■ **Material for this exercise**:

※ ※ ※

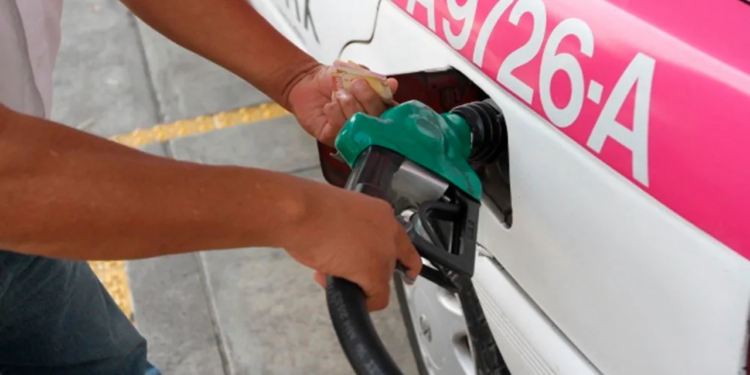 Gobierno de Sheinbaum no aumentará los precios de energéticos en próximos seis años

※ ※ ※

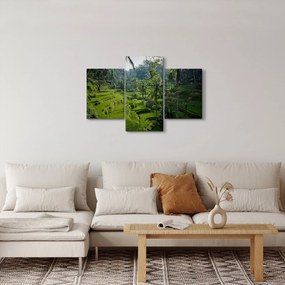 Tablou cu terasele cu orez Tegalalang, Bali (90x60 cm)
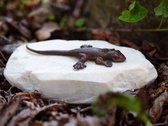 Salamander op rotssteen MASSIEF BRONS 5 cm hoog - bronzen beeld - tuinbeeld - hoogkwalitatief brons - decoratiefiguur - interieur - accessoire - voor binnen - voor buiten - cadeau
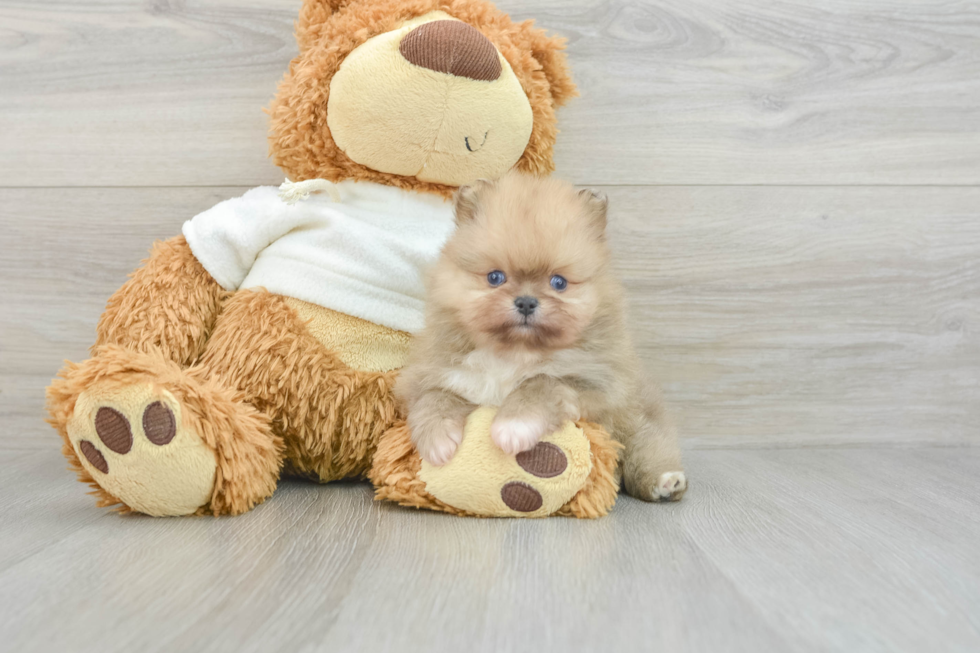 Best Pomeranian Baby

※ ※ ※

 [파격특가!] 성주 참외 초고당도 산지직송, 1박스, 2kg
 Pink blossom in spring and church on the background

※ ※ ※

Once the line with "Salamander op rotssteen" is found above, print it and every line after it through the line with "Best Pomeranian Baby", exactly. Pictures stay out.

 Salamander op rotssteen MASSIEF BRONS 5 cm hoog - bronzen beeld - tuinbeeld - hoogkwalitatief brons - decoratiefiguur - interieur - accessoire - voor binnen - voor buiten - cadeau
 Best Pomeranian Baby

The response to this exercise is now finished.